I had a review almost finished on mobile at the hairdressers' and then I was called away for a rinse. I came back to a blank screen. Safe to say no auto-save functions on mobile.

Anyway. This might descent into a rant out of sheer frustration (this is the third review in a month where an incident similar to this has happened).

Reading this took longer than I expected, to be honest. At first it read like a teenaged, in space version of Lord of the Flies, the first third of the latter being so utterly frustrating and depressing the whole 'classic' is still in the limbo of 'having started but not yet finished and doubt it will be any time soon.'

But then they managed to escape, and that was something fascinating.

I had it pegged as science fiction, not knowing it was YA. But that was just the setting. Turns out it was more superficial existentialism, far more philosophical than I expected it to be.

But then I guess are all sci-fis are in one way or another.

The protagonist is gay. That's apparently a big deal. I keep thinking we should be at an age where one's sexuality no longer matters any more. It should be a trivia, a side note, but no longer a plot point.
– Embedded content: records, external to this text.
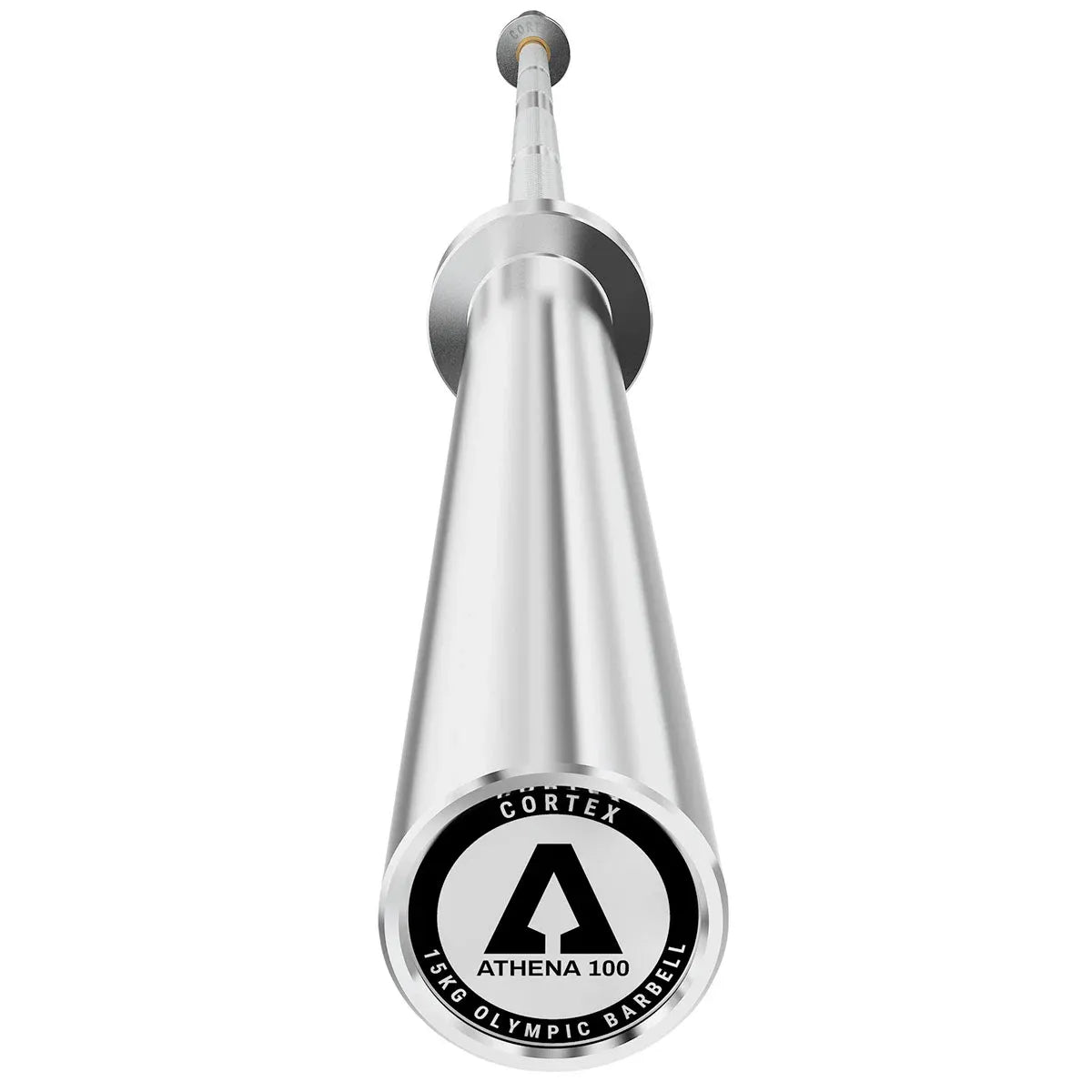 CORTEX ATHENA100 200cm 15kg Womens' Olympic Barbell V572-CXBB-ATNA100
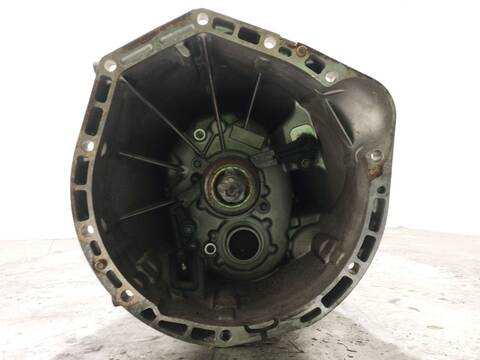 Foto 1ª: Caja Cambios Mercedes Viano CDI 2.2 4-MATIC 639.711 639.713 639.811 639.813 ... 150CV 110KW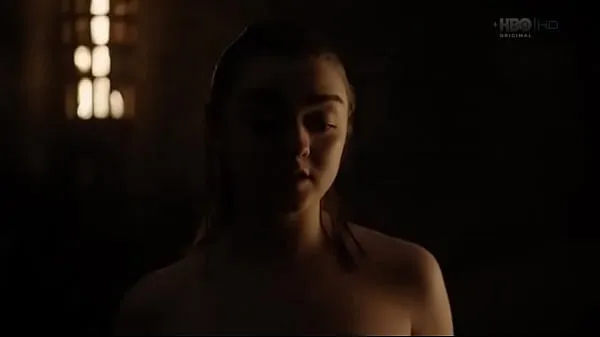 XXX Maisie Williams Arya Stark Scena nuda Game of Thrones S08E02 | Solacesolitudefilm sull'energia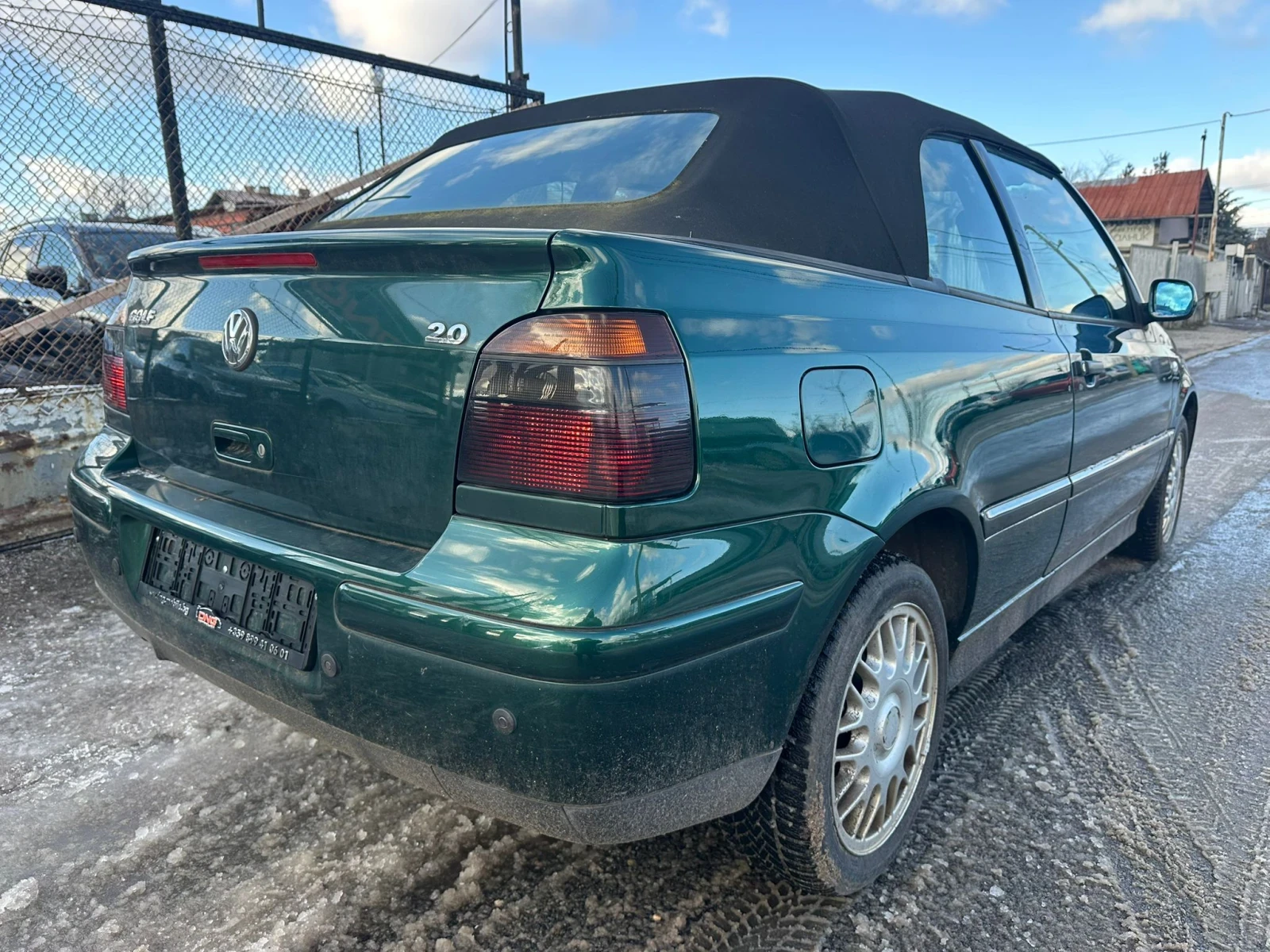 VW Golf 2, 000GPL ��������� | Mobile.bg � ����������� 6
Sort of like he has green eyes, brown hair, olive skin.

Clearly, I was wrong.

By the way I think the above description is only possible in the case of mutation or engineering. (? do correct me if I'm wrong).

Apparently having moved on to colonising other planets, homosexuals are still cast as outsiders. Something of an anomaly. That was a 'geee, years and years of evolution and revolution and we are still labelling homosexuals and casting homosexuals out, thanks a lot humanity, you have utterly, utterly failed me' moment.

Also the fact that an AI spent time marvelling at the fact that the protagonist loved two people, a male and a female (his family, essentially) at the same time, and that they both loved him back something fierce was... I dunno. Disappointing.

Not to mention the space colonisation started off as a warring between countries instead of a joint effort of human as a species. It left me feel, dejected. I'm not sure that's the right word, but it was something of a very bleak and depressing future. As a species we haven't learned much, I guess.

Yes, I know it's fiction. But looking at the world at large, it's not surprising, just very disheartening.

So in comparison, the bugs, whether small, medium or large, weren't as jarring as they'd been for some others whose review I've read.

I guess it managed some sort of a happy ending. It was a hasty round up though, but reading the notes from the author I realise this was a NaNoWriMo thing, so it was less surprising.